P Stock Runs into Trouble
Pandora got its start back in the heyday of the dotcom boom. The firm basically created the playlist for internet radio. But like a lot of first timers, they fail to see the changes coming. And in P’s case, that was streaming music and using algorithms to create custom playlists for users.
As on-demand rivals Apple Music and Spotify quickly ate up Pandora’s ad-supported traditional radio model’s market share of listeners, the company was forced to change gears and shift to streaming.
Unfortunately, that strategy hasn’t worked too well. Since then the number subscribers and, more important, paying subscribers, has flatlined.
According to recent Business Insider piece on P stock, Pandora had 76.2 million active users each month back in 2013. At the end of 2016, that number had only grown to 81 million. Even worse is that the vast bulk of these are users listening to the free and ad-supported subscription.
Contrast this to the 40 million to over 140 million active user growth that Spotify has seen. And here, the bulk of those have been paying customers.
That’s not particularly good. Nor is it great that listen time on the site has actually decreased. So, naturally, shares of P stock have cratered right along with it. Pandora stock is now sitting at all-time lows.
A White Knight for P Stock?
But that low share price might be exactly what Pandora needs. The P stock market cap is a very easy to eat $1.13 billion. And there is a lot there that a media or music group would want.
For one thing, all the data Pandora has collected over the years. The hallmark of Pandora’s streaming comes down to recommendations based on direct user “thumbs up” or thumbs down” ratings.
Much in the same way that Facebook (NASDAQ:FB) a huge cache of user data to entice advertisers with, P has done the same. If you’re a music executive, perusing through that data could lead to direct insights as to what will be the next big hit.
And, if you’re Facebook, imagine paring that data with you already large list of “likes” for a P subscriber. Pandora could be a huge coup for a company like Facebook, if it ingrates Pandora’s interface into its applications and allows advertisers to leverage its entire platform.
Pandora would be a nice tuck-in operation and allow them to leverage their user bases as well as the data needed to stream/play internet radio.

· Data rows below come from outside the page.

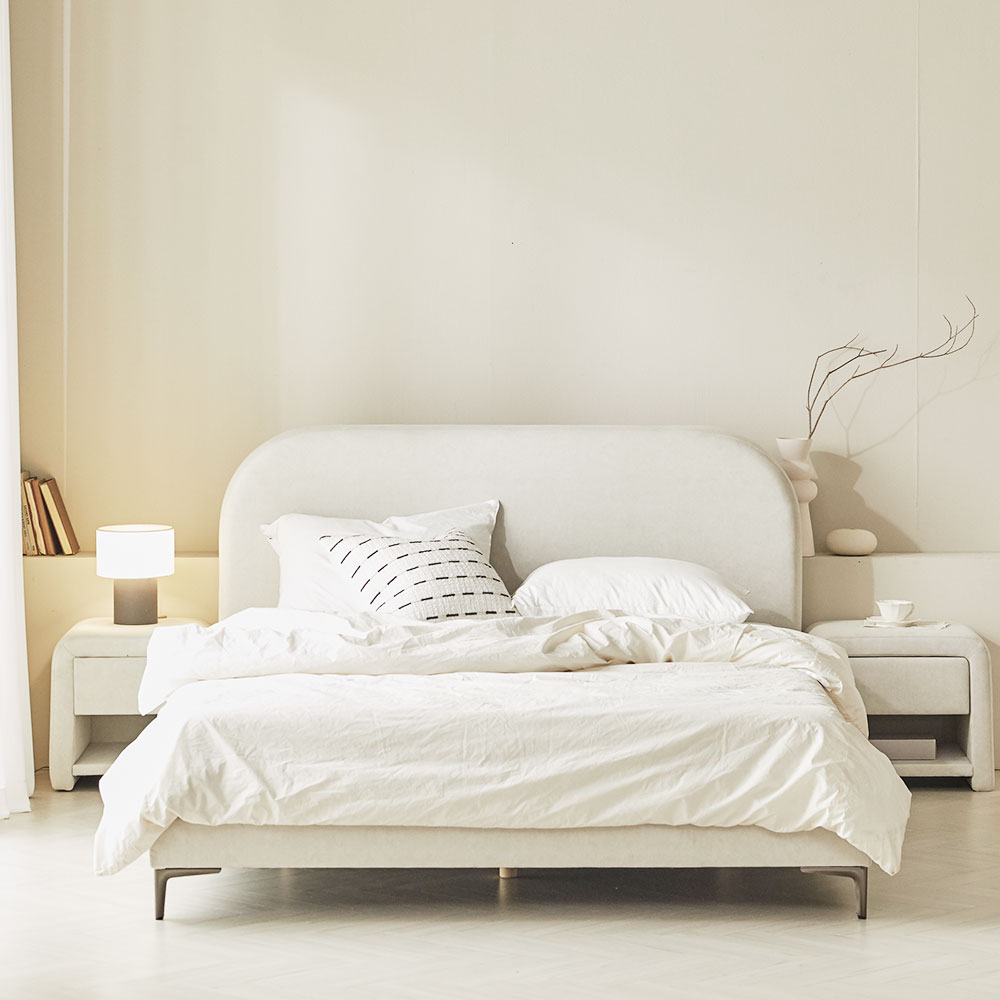 바스포르 몽글 아쿠아텍스 패브릭 저상형 호텔 낮은 침대프레임 Q 다리제외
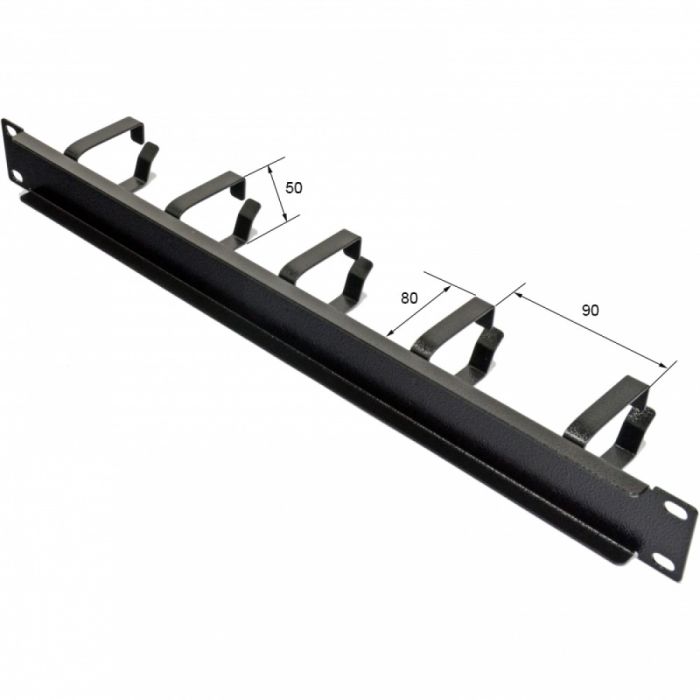 Кабельний організатор CMS 1U з 5 металевими кільцями, чорний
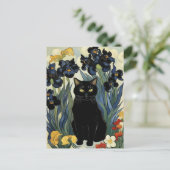 Carte Postale Chat Noir Avec Iris (Debout devant)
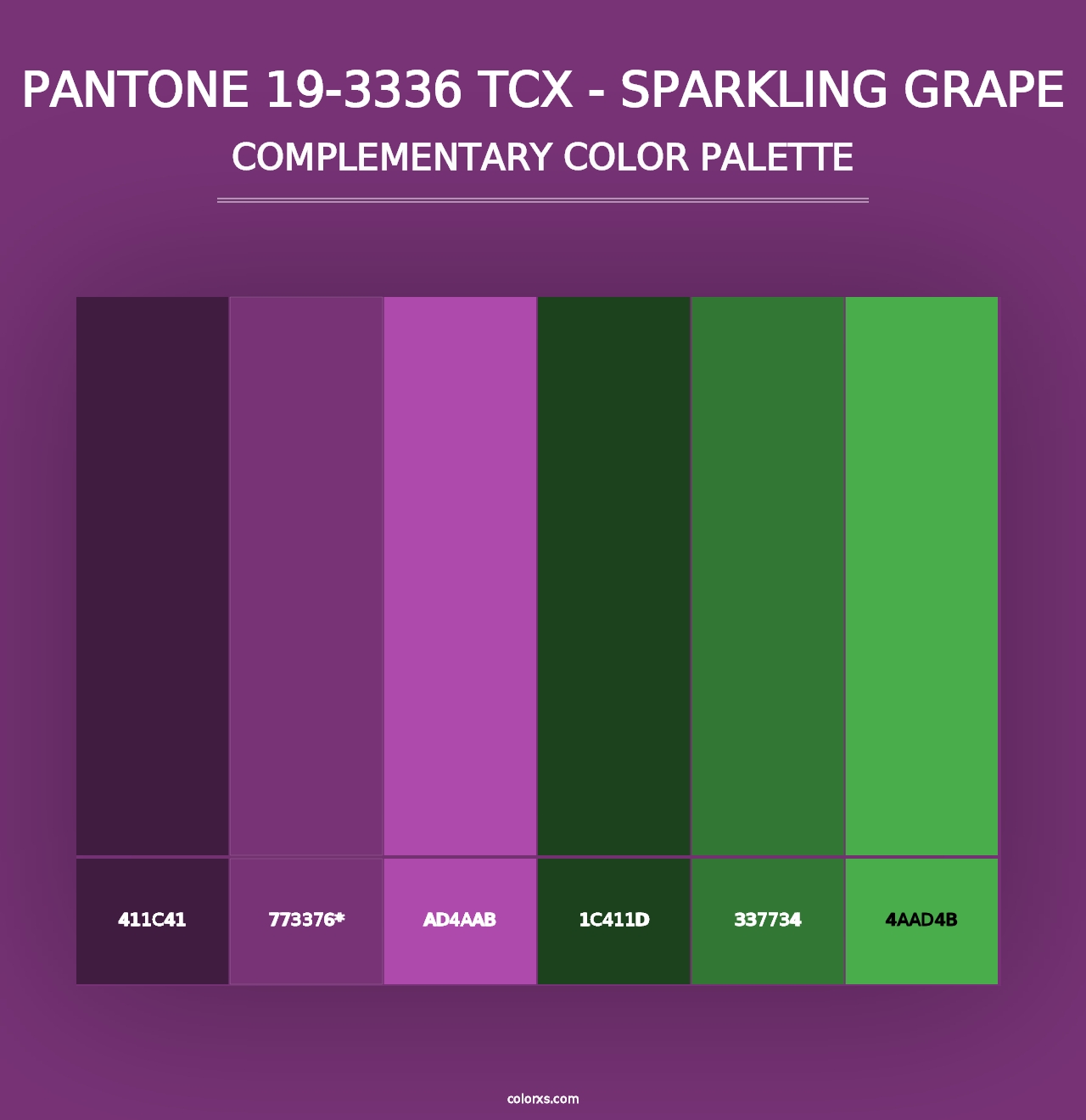 PANTONE 19-3336 TCX - Sparkling Grape - Complementary Color Palette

And interest is already there in the buyout arena. How can we forget “regular” radio play Sirius XM Radio (NASDAQ:SIRI). SIRI already made a $15 per share offer to Pandora last year and finally agreed to a $480 million 16% stake in P.
That stake was used to fend off a big by private equity house KKR. Innocently, KKR recently announced a $150 million investment in P to fend off another private equity group- Corvex Management.

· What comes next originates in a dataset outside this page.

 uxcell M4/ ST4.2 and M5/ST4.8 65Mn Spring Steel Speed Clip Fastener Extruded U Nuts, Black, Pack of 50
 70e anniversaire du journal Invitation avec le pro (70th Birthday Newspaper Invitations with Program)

Clearly, others have already seen the value potential in Pandora’s platform. And with prices for the firm now sitting at historic lows and with a market cap less than $2 billion, I wouldn’t be surprised if Pandora starts getting some serious inquiries in the months ahead.
Perhaps even more so, when all that lower tax rate cash starts hitting corporate balance sheets.
P Is a Buyout Gamble
For investors, P’s value lies having Pandora tucked away inside some other company. And unless that happens, investors shouldn’t expect too much from P stock shares. The firm does produce a decent amount of revenue. However, that number has been declining and P has never turned a profit.
But at $4 per share, it might be worth the gamble and hold if/when the buyout comes. There’s value there, but only if it can be unlocked by someone else. And in that, Pandora might make a good choice for risk-seeking investors looking for a turnaround play.